En marzo de 2001, la promoción de McDonald’s comenzó de nuevo con el juego promocional “¿Quién quiere ser millonario?”. “Ahí es donde vino la verdadera codicia de mi parte”, admitió Baker. Le preguntó a Jacobson si aceptaría un terreno en Edgewater Hills para un par de piezas de juego (examine más sobre estas cuestiones en la presente plataforma online de ciencias sociales y humanidades). Baker le dio un ganador de $ 1 millón a una amiga, Ronnie Hughey, y una ganadora de $ 500,000 a la hermana de su esposa, Brenda Phenis. Les dio instrucciones estrictas sobre cómo establecer vidas falsas en otros estados, reclamar sus premios y mantener la boca cerrada.

El 27 de abril de 2001, Dent recibió una llamada de McDonald’s, informándole que el Sr. Ronald E. Hughey, residente de toda la vida de Germantown, Tennessee, había reclamado el premio de $ 1 millón.

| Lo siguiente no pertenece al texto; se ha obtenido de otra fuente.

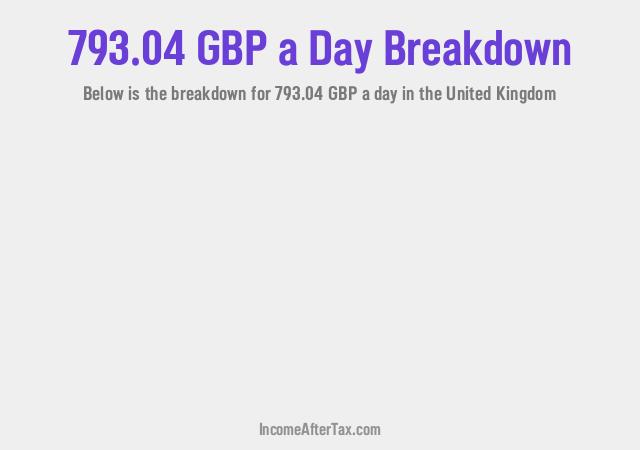 How much is £793.04 a Day After Tax in the United Kingdom?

Cuando Amy Murray llamó al teléfono de Hughey, ella le pidió que apareciera en un comercial de televisión, pero Hughey dijo que preferiría permanecer en el anonimato, porque padecía depresión. (Tal vez sea de interés más investigación sobre el concepto).

Detalles

Los agentes técnicos pronto descubrieron que el número de teléfono de Hughey en Tennessee era solo un dispositivo de desvío de llamadas.Entre las Líneas En realidad vivía en Anderson, Carolina del Sur, a solo millas de la casa de George Chandler, el último ganador.

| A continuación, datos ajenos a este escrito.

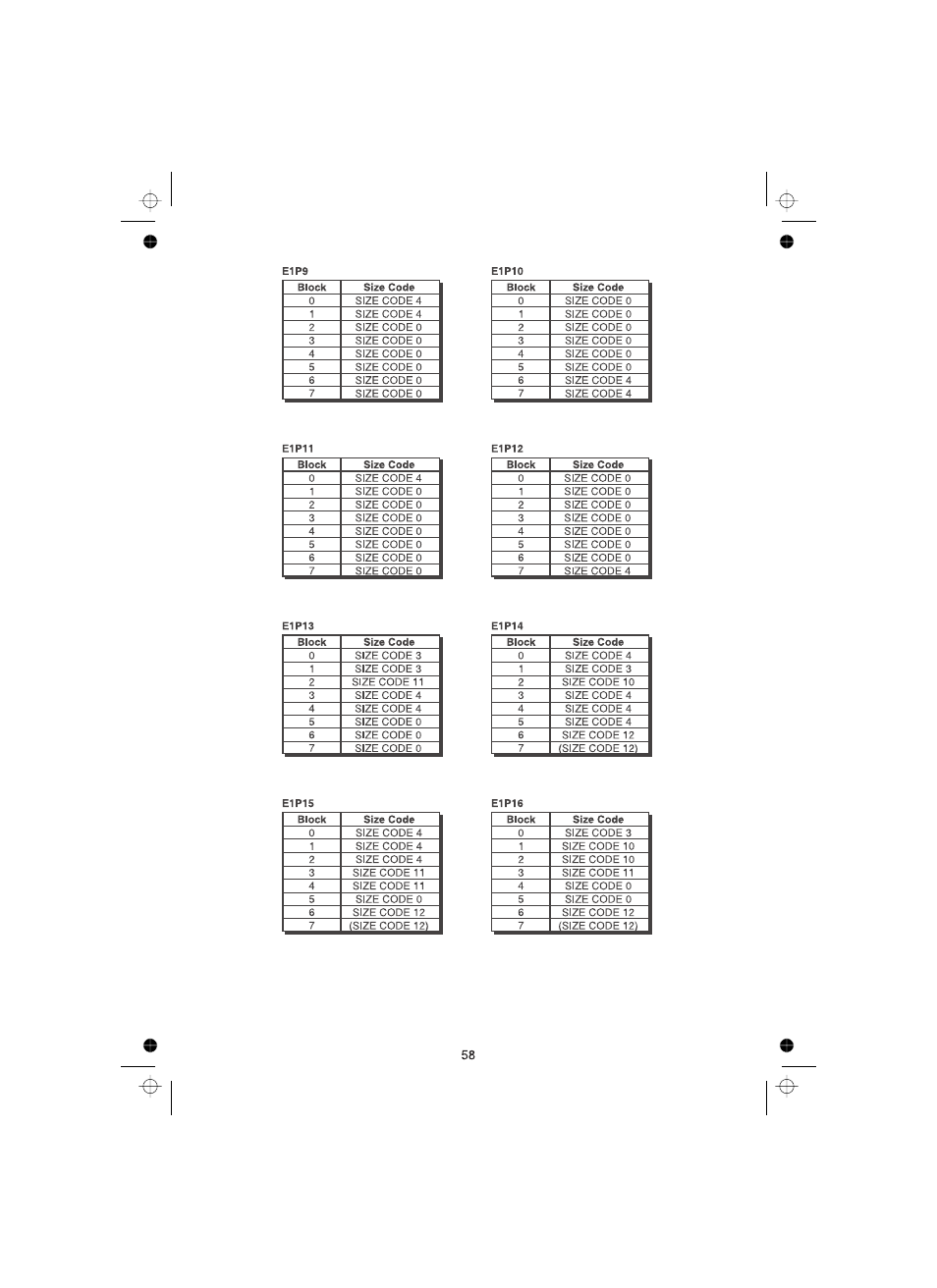 Uniden UBCT8 User Manual | Page 62 / 68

Para ocultar la dirección de su cuñada en Carolina del Sur, Baker llevó a Brenda Phenis a un viaje por carretera a Carolina del Norte, recordó. “Ella había localizado un apartamento, lo había alquilado, había obtenido un teléfono, una dirección postal, una cuenta bancaria y creo que una licencia de conducir de Carolina del Norte”. El 16 de mayo de 2001, Baker se puso de pie sobre el hombro de Phenis cuando marcó el número de McDonald’s. línea directa y reclamó el boleto ganador de $ 500,000. Phenis había acordado pagar los impuestos, dar a Baker $ 90,000 y a Jacobson $ 70,000, y quedarse con $ 90,000 para ella. “Ella se había comprometido con otras personas a comprarles un auto, construir una casa y ella se comprometió en exceso”, recordó Baker. Phenis también le contó a su hijo sobre el plan, a su esposa y a su otra hermana.

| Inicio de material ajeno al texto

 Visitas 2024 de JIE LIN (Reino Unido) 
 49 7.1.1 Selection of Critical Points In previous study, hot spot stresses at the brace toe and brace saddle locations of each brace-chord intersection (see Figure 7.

El 30 de mayo de 2001, McDonald’s notificó a Dent de la ganancia de $ 500,000 de Phenis. Comprobó las agencias de crédito y rápidamente descubrió que ella también vivía en Carolina del Sur, en una ciudad llamada Westminster. Dent encontró un mapa del estado y fijó las direcciones de Hughey, Chandler y Phenis. Había descubierto un triángulo dorado de 25 millas de sospechosos ganadores de McDonald’s, y en su centro estaba la casa frente al lago de Jacobson.

Dent solicitó que McDonald’s demorara el envío de cheques a Hughey y Phenis mientras solicitaba escuchas telefónicas. “Este retraso intencional… resultó ser muy fructífero”, recordó, porque tres semanas después todos estaban entrando en pánico.Entre las Líneas En las llamadas grabadas, Jacobson le dijo a Baker que Phenis tenía que insistir en que McDonald’s “hiciera algo por escrito” para que Baker pudiera hacer un “problema legal” sobre la demora. “Diría que… ‘¿Necesitamos un abogado o debo llamar a la oficina en casa'”, sugirió Jacobson, “¿o debo llamar a Burger King?”

“Eso es correcto”, acordó Baker.Si, Pero: Pero en el fondo, tenía la “sensación de que habían sido atrapados”. “Sentí los ojos”, me dijo.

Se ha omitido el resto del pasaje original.